Bir hak dostunun hanımı oldukça sert ve geçimsizdi. Bu zat ise onun her haline sabrediyordu. Güzel ahlâkı elde etmek için bunu bir fırsat görüyordu. Bunun için onu boşamayı hiç düşünmüyordu.
Bu zatı tanıyan dostları onun durumuna çok üzülüyordu. Bir gün kadının eceli geldi, öldü. Kocasının dostları o günü bayram ilan ettiler. Kadını bir an evvel toprağa verdikten sonra sevinerek kocasının yanına geldiler; ona,
“Efendim, biz size tâziyeye değil, tebrik etmeye geldik; gözünüz aydın olsun, kurtuldunuz!” dediler. Allah dostu sakin ve düşünceli idi.
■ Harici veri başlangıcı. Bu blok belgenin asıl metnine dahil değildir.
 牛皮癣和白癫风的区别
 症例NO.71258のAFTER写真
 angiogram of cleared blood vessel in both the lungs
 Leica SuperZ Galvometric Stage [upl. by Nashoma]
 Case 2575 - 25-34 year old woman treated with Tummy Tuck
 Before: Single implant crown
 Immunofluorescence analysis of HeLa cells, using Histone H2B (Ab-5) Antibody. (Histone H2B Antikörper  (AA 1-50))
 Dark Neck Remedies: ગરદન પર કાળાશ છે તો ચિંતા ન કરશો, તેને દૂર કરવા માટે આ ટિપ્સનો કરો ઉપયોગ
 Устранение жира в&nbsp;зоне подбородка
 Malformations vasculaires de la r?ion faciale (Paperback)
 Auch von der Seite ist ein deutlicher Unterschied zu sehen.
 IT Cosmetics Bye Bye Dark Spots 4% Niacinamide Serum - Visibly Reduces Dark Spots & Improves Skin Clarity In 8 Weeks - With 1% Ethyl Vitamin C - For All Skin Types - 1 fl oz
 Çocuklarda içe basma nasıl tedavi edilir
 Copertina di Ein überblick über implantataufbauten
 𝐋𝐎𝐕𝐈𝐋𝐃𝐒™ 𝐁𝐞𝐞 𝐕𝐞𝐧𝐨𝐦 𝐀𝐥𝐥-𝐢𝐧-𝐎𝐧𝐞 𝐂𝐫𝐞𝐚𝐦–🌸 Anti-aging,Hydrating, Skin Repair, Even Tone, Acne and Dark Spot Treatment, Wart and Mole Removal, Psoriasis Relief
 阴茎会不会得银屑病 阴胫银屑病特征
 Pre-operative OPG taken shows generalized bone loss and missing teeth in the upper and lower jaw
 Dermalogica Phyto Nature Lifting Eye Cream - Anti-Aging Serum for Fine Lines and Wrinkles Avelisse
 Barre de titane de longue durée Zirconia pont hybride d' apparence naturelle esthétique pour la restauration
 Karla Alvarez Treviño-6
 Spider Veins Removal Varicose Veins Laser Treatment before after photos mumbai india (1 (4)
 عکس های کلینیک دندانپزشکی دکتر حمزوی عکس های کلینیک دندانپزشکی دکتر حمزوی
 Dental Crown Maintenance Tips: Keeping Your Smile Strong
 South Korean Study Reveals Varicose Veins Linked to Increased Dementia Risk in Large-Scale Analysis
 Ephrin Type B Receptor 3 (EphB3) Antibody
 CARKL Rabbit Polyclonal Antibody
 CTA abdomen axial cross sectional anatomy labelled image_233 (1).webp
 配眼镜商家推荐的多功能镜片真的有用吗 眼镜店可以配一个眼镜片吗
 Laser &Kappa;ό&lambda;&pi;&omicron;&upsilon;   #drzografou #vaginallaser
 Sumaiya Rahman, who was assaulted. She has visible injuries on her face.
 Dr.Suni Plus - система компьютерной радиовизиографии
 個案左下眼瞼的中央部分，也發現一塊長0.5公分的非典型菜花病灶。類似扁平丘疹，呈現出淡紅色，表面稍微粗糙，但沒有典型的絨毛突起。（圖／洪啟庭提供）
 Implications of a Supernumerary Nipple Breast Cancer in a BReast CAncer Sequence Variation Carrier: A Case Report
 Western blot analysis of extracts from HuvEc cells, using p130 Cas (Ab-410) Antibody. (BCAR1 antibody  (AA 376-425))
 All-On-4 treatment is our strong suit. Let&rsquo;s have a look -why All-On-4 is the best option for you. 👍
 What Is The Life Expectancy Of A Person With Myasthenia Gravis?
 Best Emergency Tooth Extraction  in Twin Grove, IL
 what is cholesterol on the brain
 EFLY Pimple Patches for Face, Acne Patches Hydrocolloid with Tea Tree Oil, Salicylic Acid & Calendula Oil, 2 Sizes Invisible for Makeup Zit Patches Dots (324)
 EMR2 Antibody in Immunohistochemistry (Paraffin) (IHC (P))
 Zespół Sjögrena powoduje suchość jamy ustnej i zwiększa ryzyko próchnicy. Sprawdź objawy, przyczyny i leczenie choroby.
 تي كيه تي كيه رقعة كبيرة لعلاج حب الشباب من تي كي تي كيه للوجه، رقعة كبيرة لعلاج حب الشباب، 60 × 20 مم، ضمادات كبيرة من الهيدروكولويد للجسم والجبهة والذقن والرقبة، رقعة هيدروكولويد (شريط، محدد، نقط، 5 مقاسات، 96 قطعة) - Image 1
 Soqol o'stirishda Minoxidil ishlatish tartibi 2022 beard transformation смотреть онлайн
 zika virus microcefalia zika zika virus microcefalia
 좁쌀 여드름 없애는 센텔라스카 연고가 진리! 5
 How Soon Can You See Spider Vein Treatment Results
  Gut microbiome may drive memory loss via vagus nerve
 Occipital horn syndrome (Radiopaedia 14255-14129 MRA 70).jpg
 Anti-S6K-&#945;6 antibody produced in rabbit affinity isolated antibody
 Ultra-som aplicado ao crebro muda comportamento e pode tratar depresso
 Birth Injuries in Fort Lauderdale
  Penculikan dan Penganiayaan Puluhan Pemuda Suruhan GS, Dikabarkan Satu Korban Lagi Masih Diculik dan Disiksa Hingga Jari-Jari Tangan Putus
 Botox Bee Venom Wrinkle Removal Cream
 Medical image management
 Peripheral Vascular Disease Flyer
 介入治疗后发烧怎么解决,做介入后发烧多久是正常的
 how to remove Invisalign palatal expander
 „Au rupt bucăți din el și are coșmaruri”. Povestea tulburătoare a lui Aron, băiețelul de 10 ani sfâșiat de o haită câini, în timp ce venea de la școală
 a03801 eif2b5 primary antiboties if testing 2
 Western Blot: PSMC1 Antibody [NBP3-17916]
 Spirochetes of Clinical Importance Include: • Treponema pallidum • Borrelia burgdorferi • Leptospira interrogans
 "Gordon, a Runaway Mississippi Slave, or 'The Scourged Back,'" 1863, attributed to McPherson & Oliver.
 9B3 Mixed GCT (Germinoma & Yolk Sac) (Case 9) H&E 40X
Yüzünde bir sevinç izi yoktu. Aksine değerli bir şeyini kaybetmiş gibi üzüntülüydü. Bunun sebebini şöyle açıkladı:
“Ben bugün gerçekten çok üzgünüm. Bu kadın benim için bir servetti. Ben onun kötü ahlâklarına sabrederek yüce Rabbim’in razı olacağı güzel ahlâkları elde ediyordum; böylece pek çok sevap ve manevi derece kazanıyordum. Ne yazık ki şimdi bu servetim toprağa gömüldü, böyle bir kâr kapısı kapandı.”